By Haveacow (registered) | Posted May 28, 2015 at 09:55:27

@BJK (anonymous), tall buildings don't necessarily mean success. Many, if not nearly all of the super tall buildings built in China and Dubai recently (the last 20 years or so), would not be built at all if they were located in most "western countries". The reason is not entirely do to regulation of building height but banking and loan regulations. In most western countries banks require that buildings be (depending on the banking institution) 60-75% leased out before construction can begin. Many of those super tall buildings built in China are barely 10% leased. Dubai had several more buildings taller than the Burj Khalifa planned but financial reality set in and it is unlikely they will ever be built because even today, the Burj Khalifa is only 60% leased and occupied.

New York City of the 1920's had a competition of sorts between three large office buildings that were all trying to be "the tallest building in the world". The last of the three to be completed was the Empire State Building. Due to the depression, all of the more grander and taller structures that were planned for New York City were never built. It took till the 1940's before the Empire State Building was fully leased.

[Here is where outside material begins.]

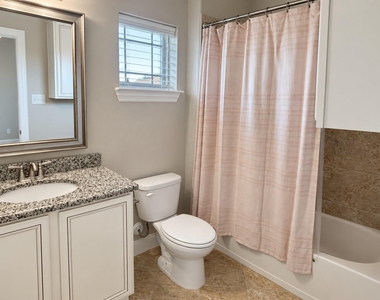2201 Petunia Lane - Photo Thumbnail 15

There is no set definition of "Skyscrapers" any more because different cities have different height regulations and occupancy rules. Originally anything over 7 stories in the late 19th century was considered to be "a Skyscraper". However, it is generally believed among developers that, anything over 100 metres is a Skyscraper now. Where as anything from 35 to 100 metres in height is considered to be a "high-rise". Then engineers and architects get involved and the definition changes again. So call it what you want, it seems to be the official definition is quite fluid.